Representation representation () const
 Returns the current representation of *this.
void set_representation (Representation r)
 Converts *this to the specified representation.
dimension_type space_dimension () const
 Returns the dimension of the vector space enclosing *this.
bool is_equal_to (const Congruence_System &y) const
 Returns true if and only if *this is exactly equal to y.
bool has_linear_equalities () const
 Returns true if and only if *this contains one or more linear equalities.
void clear ()
 Removes all the congruences and sets the space dimension to 0.
void insert (const Congruence &cg)
 Inserts in *this a copy of the congruence cg, increasing the number of space dimensions if needed.
void insert (Congruence &cg, Recycle_Input)
 Inserts in *this the congruence cg, stealing its contents and increasing the number of space dimensions if needed.
void insert (const Constraint &c)
 Inserts in *this a copy of the equality constraint c, seen as a modulo 0 congruence, increasing the number of space dimensions if needed.
void insert (const Congruence_System &y)
 Inserts in *this a copy of the congruences in y, increasing the number of space dimensions if needed.
void insert (Congruence_System &cgs, Recycle_Input)
 Inserts into *this the congruences in cgs, increasing the number of space dimensions if needed.
bool empty () const
 Returns true if and only if *this has no congruences.
const_iterator begin () const
 Returns the const_iterator pointing to the first congruence, if *this is not empty; otherwise, returns the past-the-end const_iterator.
const_iterator end () const
 Returns the past-the-end const_iterator.
bool OK () const
 Checks if all the invariants are satisfied.
void ascii_dump () const
 Writes to std::cerr an ASCII representation of *this.
void ascii_dump (std::ostream &s) const
 Writes to s an ASCII representation of *this.
void print () const
 Prints *this to std::cerr using operator<<.
bool ascii_load (std::istream &s)
 Loads from s an ASCII representation (as produced by ascii_dump(std::ostream&) const) and sets *this accordingly. Returns true if successful, false otherwise.
memory_size_type total_memory_in_bytes () const
 Returns the total size in bytes of the memory occupied by *this.
memory_size_type external_memory_in_bytes () const
 Returns the size in bytes of the memory managed by *this.
dimension_type num_equalities () const
 Returns the number of equalities.
dimension_type num_proper_congruences () const
 Returns the number of proper congruences.
void m_swap (Congruence_System &y)
 Swaps *this with y.
void add_unit_rows_and_space_dimensions (dimension_type dims)
 Adds dims rows and dims space dimensions to the matrix, initializing the added rows as in the unit congruence system.
void permute_space_dimensions (const std::vector< Variable > &cycle)
 Permutes the space dimensions of the system.
void swap_space_dimensions (Variable v1, Variable v2)
 Swaps the columns having indexes i and j.
bool set_space_dimension (dimension_type new_space_dim)
 Sets the number of space dimensions to new_space_dim.

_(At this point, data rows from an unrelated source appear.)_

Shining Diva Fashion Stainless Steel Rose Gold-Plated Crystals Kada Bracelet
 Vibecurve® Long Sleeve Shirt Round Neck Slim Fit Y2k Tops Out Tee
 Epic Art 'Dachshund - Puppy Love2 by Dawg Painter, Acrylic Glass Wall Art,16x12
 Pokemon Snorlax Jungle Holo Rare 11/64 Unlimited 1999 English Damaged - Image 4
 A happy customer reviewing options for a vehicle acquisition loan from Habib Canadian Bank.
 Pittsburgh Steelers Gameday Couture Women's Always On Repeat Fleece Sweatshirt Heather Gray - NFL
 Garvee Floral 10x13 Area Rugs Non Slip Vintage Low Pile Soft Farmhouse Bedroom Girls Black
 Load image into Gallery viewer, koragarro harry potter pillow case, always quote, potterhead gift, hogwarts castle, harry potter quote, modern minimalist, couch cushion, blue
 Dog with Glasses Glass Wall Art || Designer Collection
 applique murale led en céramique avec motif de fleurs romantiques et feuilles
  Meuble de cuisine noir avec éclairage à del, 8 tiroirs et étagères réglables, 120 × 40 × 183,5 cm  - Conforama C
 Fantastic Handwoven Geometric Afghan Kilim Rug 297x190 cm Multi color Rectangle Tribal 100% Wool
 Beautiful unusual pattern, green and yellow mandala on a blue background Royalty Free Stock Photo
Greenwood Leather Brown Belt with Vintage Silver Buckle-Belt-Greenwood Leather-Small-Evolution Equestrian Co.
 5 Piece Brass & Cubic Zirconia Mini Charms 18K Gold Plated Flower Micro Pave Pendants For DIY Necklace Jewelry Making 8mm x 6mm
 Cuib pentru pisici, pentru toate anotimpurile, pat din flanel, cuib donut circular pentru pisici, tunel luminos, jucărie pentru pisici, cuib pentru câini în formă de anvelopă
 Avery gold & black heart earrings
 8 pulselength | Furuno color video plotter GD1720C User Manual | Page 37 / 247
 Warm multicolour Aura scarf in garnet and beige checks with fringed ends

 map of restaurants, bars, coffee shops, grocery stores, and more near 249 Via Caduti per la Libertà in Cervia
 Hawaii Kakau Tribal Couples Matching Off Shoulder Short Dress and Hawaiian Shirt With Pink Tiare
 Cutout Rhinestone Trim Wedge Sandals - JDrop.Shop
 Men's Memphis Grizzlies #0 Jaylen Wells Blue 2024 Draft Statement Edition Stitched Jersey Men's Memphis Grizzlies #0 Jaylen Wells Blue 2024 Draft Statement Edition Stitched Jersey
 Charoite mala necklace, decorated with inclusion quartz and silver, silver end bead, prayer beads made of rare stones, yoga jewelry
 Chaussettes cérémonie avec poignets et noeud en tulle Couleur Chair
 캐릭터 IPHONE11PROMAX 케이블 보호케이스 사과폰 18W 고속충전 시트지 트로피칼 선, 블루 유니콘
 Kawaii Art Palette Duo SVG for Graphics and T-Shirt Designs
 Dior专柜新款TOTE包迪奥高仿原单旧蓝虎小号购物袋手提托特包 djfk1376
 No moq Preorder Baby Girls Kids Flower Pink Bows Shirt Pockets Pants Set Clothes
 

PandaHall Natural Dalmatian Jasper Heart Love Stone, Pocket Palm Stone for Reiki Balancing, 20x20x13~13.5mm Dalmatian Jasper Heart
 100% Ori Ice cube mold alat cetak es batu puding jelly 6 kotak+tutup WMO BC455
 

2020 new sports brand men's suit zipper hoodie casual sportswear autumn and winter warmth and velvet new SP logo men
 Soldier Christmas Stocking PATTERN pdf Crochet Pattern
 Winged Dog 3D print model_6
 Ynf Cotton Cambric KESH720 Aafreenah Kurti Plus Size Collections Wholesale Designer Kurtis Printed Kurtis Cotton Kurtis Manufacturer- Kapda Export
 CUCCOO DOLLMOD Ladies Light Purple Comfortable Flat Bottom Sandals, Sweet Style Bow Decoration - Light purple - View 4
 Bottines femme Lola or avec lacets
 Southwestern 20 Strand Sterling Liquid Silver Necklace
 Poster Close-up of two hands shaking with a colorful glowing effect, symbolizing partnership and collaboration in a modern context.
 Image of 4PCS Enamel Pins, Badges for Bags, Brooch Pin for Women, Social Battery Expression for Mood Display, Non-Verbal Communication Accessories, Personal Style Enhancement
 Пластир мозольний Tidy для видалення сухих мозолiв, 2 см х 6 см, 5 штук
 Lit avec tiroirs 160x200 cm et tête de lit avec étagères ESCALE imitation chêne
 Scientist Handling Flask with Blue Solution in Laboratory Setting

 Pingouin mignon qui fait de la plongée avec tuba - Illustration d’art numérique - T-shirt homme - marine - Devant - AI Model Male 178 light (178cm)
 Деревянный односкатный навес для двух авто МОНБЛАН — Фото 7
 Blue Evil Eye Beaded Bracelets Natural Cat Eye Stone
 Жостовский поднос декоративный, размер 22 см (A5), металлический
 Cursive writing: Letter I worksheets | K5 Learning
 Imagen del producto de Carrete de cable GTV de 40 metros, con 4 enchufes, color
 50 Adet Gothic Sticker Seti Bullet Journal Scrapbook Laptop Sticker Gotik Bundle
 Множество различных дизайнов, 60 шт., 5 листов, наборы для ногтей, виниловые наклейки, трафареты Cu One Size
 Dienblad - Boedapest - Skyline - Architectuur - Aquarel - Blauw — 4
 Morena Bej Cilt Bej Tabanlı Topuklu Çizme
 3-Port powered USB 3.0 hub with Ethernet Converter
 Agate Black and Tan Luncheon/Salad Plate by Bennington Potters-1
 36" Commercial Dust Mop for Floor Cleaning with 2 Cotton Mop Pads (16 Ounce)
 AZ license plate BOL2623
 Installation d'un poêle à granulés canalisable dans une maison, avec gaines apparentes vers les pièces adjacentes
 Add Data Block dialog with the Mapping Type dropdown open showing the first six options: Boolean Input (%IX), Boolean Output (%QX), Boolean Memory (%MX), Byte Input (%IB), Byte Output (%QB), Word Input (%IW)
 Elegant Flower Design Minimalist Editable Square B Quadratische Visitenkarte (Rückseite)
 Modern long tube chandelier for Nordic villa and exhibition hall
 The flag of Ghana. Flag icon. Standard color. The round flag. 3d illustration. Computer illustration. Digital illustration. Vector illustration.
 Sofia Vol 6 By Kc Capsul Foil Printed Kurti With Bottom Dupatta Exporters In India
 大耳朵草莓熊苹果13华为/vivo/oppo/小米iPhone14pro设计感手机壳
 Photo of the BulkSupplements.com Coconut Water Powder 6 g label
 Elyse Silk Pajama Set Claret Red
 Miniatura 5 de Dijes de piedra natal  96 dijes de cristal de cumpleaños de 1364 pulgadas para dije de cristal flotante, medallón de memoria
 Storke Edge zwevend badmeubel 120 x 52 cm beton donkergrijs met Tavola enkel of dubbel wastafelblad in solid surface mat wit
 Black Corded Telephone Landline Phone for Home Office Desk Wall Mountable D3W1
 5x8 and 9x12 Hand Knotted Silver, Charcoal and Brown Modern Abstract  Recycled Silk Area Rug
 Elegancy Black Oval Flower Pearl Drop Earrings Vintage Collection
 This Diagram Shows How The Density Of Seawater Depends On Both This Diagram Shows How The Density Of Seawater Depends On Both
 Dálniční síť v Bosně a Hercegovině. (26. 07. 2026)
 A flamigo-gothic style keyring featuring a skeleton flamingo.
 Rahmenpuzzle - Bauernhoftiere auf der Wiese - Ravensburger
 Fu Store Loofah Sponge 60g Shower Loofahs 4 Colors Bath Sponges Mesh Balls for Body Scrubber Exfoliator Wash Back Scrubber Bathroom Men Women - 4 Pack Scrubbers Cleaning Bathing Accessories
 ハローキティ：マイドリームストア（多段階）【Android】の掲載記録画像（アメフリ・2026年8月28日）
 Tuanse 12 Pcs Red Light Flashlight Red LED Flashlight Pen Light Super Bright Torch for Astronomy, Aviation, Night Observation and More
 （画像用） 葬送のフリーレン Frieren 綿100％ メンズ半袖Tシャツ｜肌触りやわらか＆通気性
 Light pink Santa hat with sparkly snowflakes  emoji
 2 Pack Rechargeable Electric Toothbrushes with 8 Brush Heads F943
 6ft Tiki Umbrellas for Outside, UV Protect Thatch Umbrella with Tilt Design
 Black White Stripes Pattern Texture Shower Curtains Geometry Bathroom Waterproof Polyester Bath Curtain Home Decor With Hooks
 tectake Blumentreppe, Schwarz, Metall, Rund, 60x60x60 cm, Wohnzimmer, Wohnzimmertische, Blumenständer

Static Public Member Functions

static dimension_type max_space_dimension ()
 Returns the maximum space dimension a Congruence_System can handle.
static void initialize ()
 Initializes the class.
static void finalize ()
 Finalizes the class.
static const Congruence_Systemzero_dim_empty ()
 Returns the system containing only Congruence::zero_dim_false().

Protected Member Functions

bool satisfies_all_congruences (const Grid_Generator &g) const
 Returns true if g satisfies all the congruences.

Related Functions

(Note that these are not member functions.)

bool operator== (const Congruence_System &x, const Congruence_System &y)
std::ostream & operator<< (std::ostream &s, const Congruence_System &cgs)
 Output operator.
void swap (Congruence_System &x, Congruence_System &y)
void swap (Congruence_System &x, Congruence_System &y)

Detailed Description

A system of congruences.

An object of the class Congruence_System is a system of congruences, i.e., a multiset of objects of the class Congruence. When inserting congruences in a system, space dimensions are automatically adjusted so that all the congruences in the system are defined on the same vector space.

In all the examples it is assumed that variables x and y are defined as follows:
Variable x(0);
Variable y(1);
Example 1
The following code builds a system of congruences corresponding to an integer grid in $\Rset^2$:
cgs.insert(x %= 0);
cgs.insert(y %= 0);
Note that: the congruence system is created with space dimension zero; the first and second congruence insertions increase the space dimension to $1$ and $2$, respectively.
Example 2
By adding to the congruence system of the previous example, the congruence $x + y = 1 \pmod{2}$:
cgs.insert((x + y %= 1) / 2);
we obtain the grid containing just those integral points where the sum of the x and y values is odd.
Example 3
The following code builds a system of congruences corresponding to the grid in $\Zset^2$ containing just the integral points on the x axis:
cgs.insert(x %= 0);
cgs.insert((y %= 0) / 0);
Note:
After inserting a multiset of congruences in a congruence system, there are no guarantees that an exact copy of them can be retrieved: in general, only an equivalent congruence system will be available, where original congruences may have been reordered, removed (if they are trivial, duplicate or implied by other congruences), linearly combined, etc.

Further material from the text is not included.